BATAVIA atau Kota Jakarta yang kini dipimpin Gubernur Anies Baswedan, pada abad ke-18 masyhur dengan julukan Koningin van het Oosten atau Ratu dari Timur karena keelokan bangunan serta tata kotanya. Namun warga Jakarta setiap beraktivitas di luar rumah harus senantiasa menutup hidung karena udara busuk yang mematikan. Lingkungan hidup di Kota Jakarta begitu buruk. Saluran-saluran air mampet, termasuk rawa-rawa yang airnya tak lagi bergerak, menjadi sarang nyamuk. Kemudian lumpur-lumpur bercampur beragam kotoran, termasuk bangkai hewan, yang membuat kanal-kanal tak mampu lagi mengalirkan air ke laut.
Akibatnya tidak hanya kotor, Jakarta menjadi sarang perkembangbiakan penyakit.
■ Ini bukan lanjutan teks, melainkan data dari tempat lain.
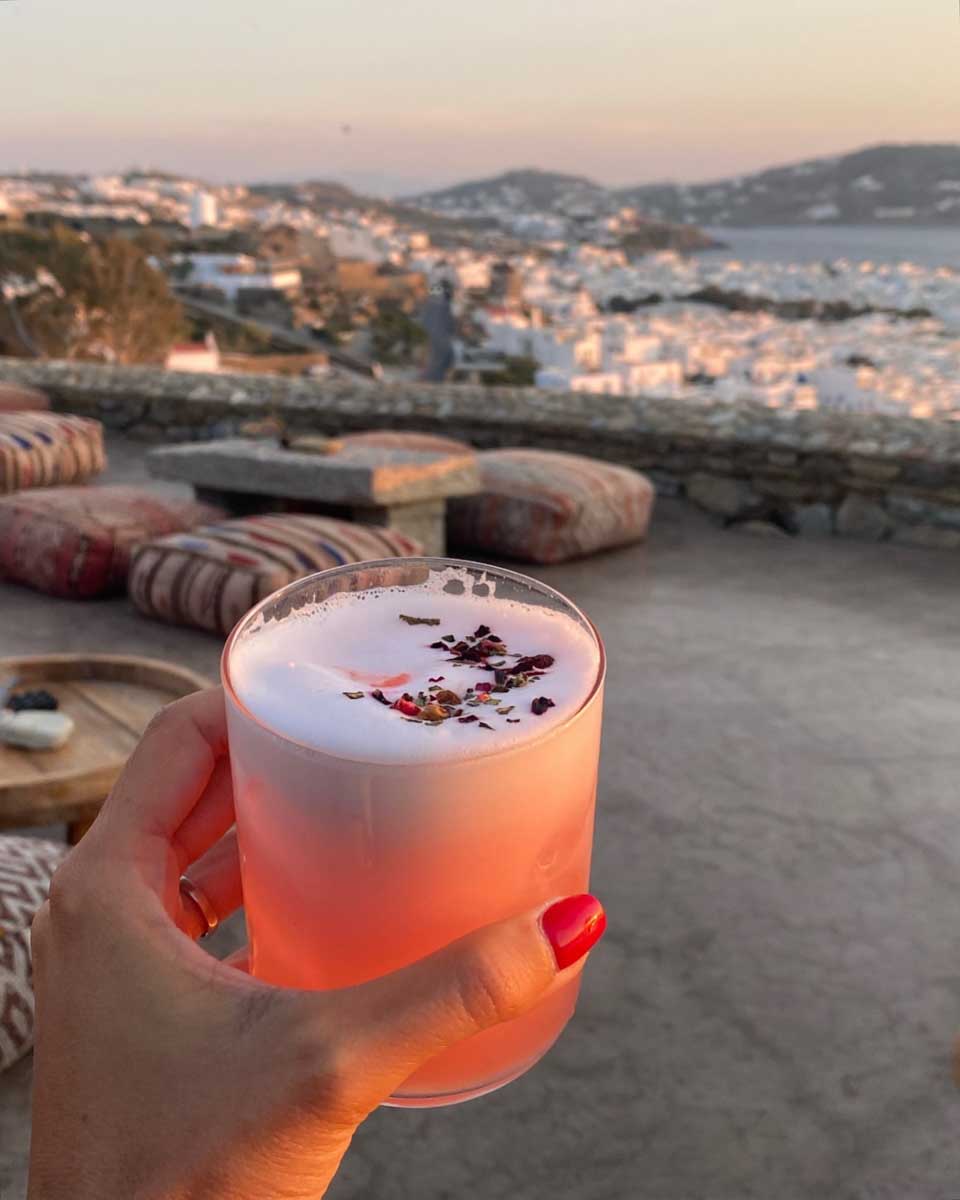180⁰ Sunset Bar in Mykonos Greece 1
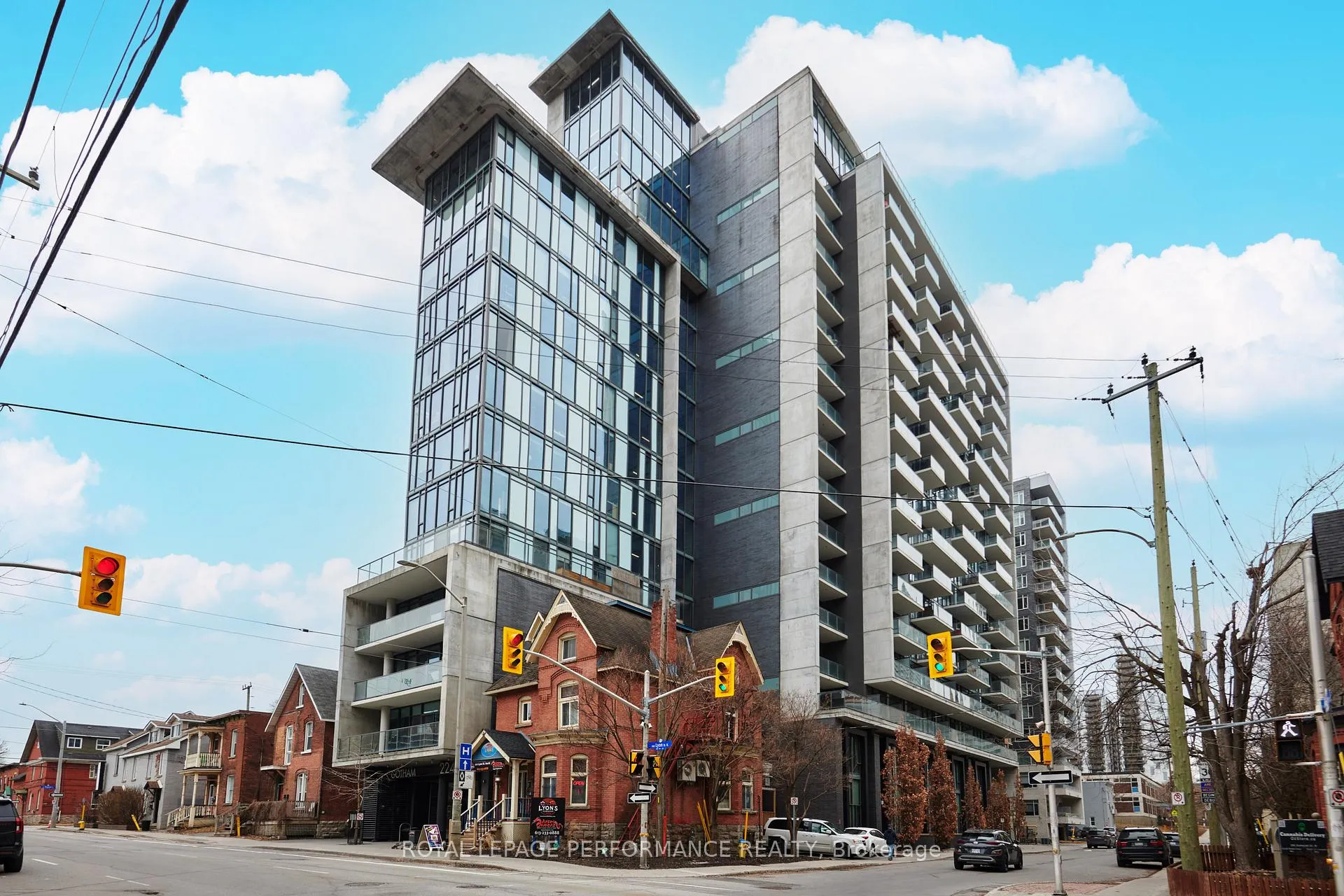 Front of Unit 708, 224 Lyon Street N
Keadaan itu diperparah dengan udara busuk yang bersumber dari kotoran yang tidak terbuang semestinya. Pada abad ke-18 itu, di samping julukan ratu dari timur, Jakarta juga menyandang julukan Graf der Hollander atau kuburan orang Belanda. Di mana-mana menjadi tempat menyimpan mayat atau tulang-tulang (rumah mayat) yang mati mendadak akibat lingkungan hidup Jakarta yang buruk. Pada perbincangan sesama bangsa penjajah, terutama Inggris, Kota Jakarta dicap sebagai daerah yang tidak sehat. Dibandingkan iklim di India yang merupakan koloni Inggris, udara di Jakarta lebih buruk.
“Udaranya seringkali dilukiskan sebagai penyebab kebinasaan, saluran-salurannya sangat buruk atau busuk, dalam konotasi umumnya sebagai mengerikan,” tulis Willard A. Hanna dalam buku “Hikayat Jakarta”. Kolonial Belanda membangun Jakarta dengan memunculkan banyak bangunan berarsitektur megah dan indah. Kastil, Stadhuis (Balai Kota), rumah sakit, gereja, dan semua lembaga amal, didirikan sesuai dengan kebutuhan penduduk yang jumlahnya meningkat. Pembangunan di kawasan kota diperlebar di sepanjang Terusan Molenvliet hingga ke daerah pedalaman.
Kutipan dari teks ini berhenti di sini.